● TASK REQUIREMENTS:
Everything in the listing below from the line containing "Kolona sjećanja krenula" through the line containing "1355 N Limestone St, Gaffney, SC 29340" must be repeated exactly; the remaining lines are not wanted.

● SOURCE DATA:
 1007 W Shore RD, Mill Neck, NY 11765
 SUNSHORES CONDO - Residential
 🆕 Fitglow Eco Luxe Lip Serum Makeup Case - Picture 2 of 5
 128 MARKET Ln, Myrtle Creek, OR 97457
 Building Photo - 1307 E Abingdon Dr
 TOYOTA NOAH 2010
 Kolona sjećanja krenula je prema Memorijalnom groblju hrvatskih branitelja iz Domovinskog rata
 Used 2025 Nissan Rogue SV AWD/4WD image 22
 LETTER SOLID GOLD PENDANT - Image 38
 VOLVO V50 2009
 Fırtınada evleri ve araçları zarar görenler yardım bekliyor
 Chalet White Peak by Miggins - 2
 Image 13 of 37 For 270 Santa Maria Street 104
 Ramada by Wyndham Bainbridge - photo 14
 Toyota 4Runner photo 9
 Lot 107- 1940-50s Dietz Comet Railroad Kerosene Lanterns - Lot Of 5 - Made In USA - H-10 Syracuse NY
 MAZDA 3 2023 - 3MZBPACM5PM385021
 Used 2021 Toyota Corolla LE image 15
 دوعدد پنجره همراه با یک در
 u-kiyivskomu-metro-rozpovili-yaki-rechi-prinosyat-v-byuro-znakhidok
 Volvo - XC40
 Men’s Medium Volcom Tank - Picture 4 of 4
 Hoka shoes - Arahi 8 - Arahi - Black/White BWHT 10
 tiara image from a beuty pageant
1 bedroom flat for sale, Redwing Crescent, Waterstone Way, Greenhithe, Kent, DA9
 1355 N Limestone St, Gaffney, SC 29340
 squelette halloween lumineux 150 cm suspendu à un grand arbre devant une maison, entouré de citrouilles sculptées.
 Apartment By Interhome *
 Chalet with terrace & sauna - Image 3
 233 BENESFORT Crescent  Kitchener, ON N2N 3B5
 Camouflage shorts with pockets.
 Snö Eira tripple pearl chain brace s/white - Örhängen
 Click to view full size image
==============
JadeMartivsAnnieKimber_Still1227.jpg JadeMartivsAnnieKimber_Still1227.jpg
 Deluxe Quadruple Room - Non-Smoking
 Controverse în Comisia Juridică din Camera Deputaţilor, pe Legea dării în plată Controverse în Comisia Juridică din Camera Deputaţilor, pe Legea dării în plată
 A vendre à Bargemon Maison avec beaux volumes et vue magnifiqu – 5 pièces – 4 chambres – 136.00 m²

● ANSWER AREA:
 Kolona sjećanja krenula je prema Memorijalnom groblju hrvatskih branitelja iz Domovinskog rata
 Used 2025 Nissan Rogue SV AWD/4WD image 22
 LETTER SOLID GOLD PENDANT - Image 38
 VOLVO V50 2009
 Fırtınada evleri ve araçları zarar görenler yardım bekliyor
 Chalet White Peak by Miggins - 2
 Image 13 of 37 For 270 Santa Maria Street 104
 Ramada by Wyndham Bainbridge - photo 14
 Toyota 4Runner photo 9
 Lot 107- 1940-50s Dietz Comet Railroad Kerosene Lanterns - Lot Of 5 - Made In USA - H-10 Syracuse NY
 MAZDA 3 2023 - 3MZBPACM5PM385021
 Used 2021 Toyota Corolla LE image 15
 دوعدد پنجره همراه با یک در
 u-kiyivskomu-metro-rozpovili-yaki-rechi-prinosyat-v-byuro-znakhidok
 Volvo - XC40
 Men’s Medium Volcom Tank - Picture 4 of 4
 Hoka shoes - Arahi 8 - Arahi - Black/White BWHT 10
 tiara image from a beuty pageant
1 bedroom flat for sale, Redwing Crescent, Waterstone Way, Greenhithe, Kent, DA9
 1355 N Limestone St, Gaffney, SC 29340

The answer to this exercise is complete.